Lovingly known as Ireland’s Godfather of Gay, Tonie Walsh is a historian, writer, activist, and renowned DJ. Here he writes about co-curating the Living With Pride programme at the National Library of Ireland.
Christopher Robson, a trained architect and lifetime civil rights activist, spent many years documenting LGBT Pride festivals in Ireland and abroad.
After his death, his husband, Bill Foley, donated his sizable collection of slides and prints to the National Library, a selection of which forms the basis for the exhibition, Living With Pride, that will open to the public on 9 June, and run until November at the National Library’s Photographic Archive in Dublin’s Meeting House Square.
I got a sneak peek last week of the exhibition and the first thing that hit me was the huge scale and riotous color of Robson’s prints.
Indeed, “Riotous Colour” could so easily apply as an alternative title to the exhibition and to the evolution of Pride protests and festivals that were the subject of Robson’s eye for several decades and which are also documented in other deposits at NLI’s Irish Queer Archive collection.
We may take LGBT Pride festivals for granted, especially post-Marriage Equality. Each year, another one pops up with queer abandon in the most unexpected of places (Clonmel, Tipperary anyone?) but there was a time – just two lifetimes ago – when trying to get people out on the street to protest our pride seemed like an impossible task.
Just ask the 10 brave men and women, who risked enormous social opprobrium (and worse) to mark Ireland’s first Pride Day on June 27, 1974, marching from Ballsbridge to the Department of Justice on Dublin’s Stephen’s Green.
LGBT Pride is the most visible expression of a once invisible, hugely victimised and oppressed minority asserting its rights. It’s about us reclaiming a previously hostile space, marching to our rightful place at the centre of Irish society. And doing it with noisy conviction and a lot of colourful glamour. Christopher Robson’s photographs capture all of this in spectacular and intimate fashion.
Two years ago, the National Library approached me to help curate a cultural sidebar to the Robson exhibition. I jumped at the opportunity to explore the current “state of the queer nation” and especially remind people of the riches that form the Irish Queer Archive (IQA), one of the largest LGBT collections of its kind in the world.
It was such a big deal when the IQA special collection was transferred to NLI in 2008. Here was the state finally taking ownership of LGBT heritage, both symbolically and physically.
As Ireland’s primary memory keeper, the National Library has a duty of care to all the citizens of Ireland, including those of our sexual and gender minorities, whose lived experience has too often been willfully ignored and excised from our formal historical narratives.

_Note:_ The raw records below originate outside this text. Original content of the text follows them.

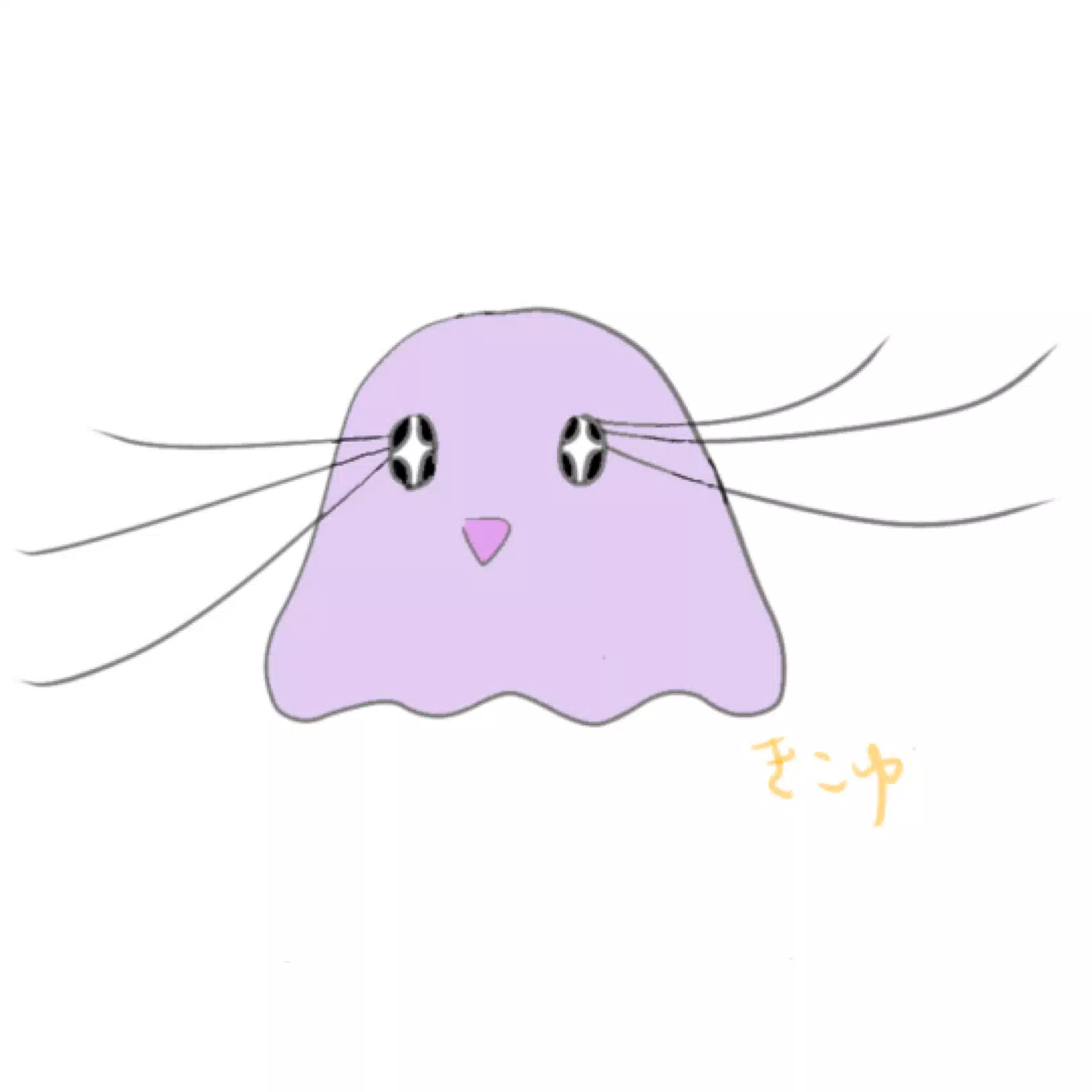 きこゆ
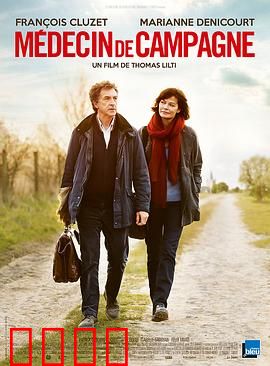 乡村医生：荒诞夜诊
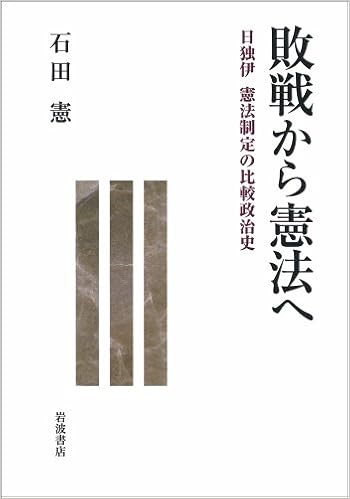 敗戦から憲法へ 日独伊 憲法制定の比較政治史 石田 憲 本 通販 Amazon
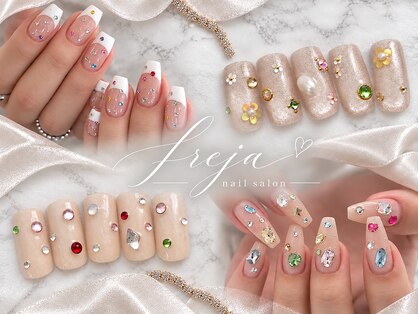 フレイヤ 新宿店(FREJA)の写真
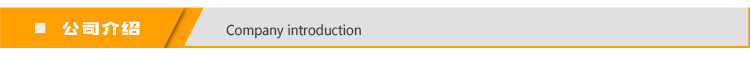 公司介绍.jpg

The Living With Pride photographic exhibition and cultural programme not only reinstates some of that queer lived experience but has much to say about the type of modern, outward-looking and, most importantly, compassionate society we’ve been building these recent years.
Enjoy the journey.
‘Living With Pride: Photographs by Christopher Robson’ opens to the public at the National Library’s National Photographic Archive, Meeting House Square, Temple Bar, on 9 June.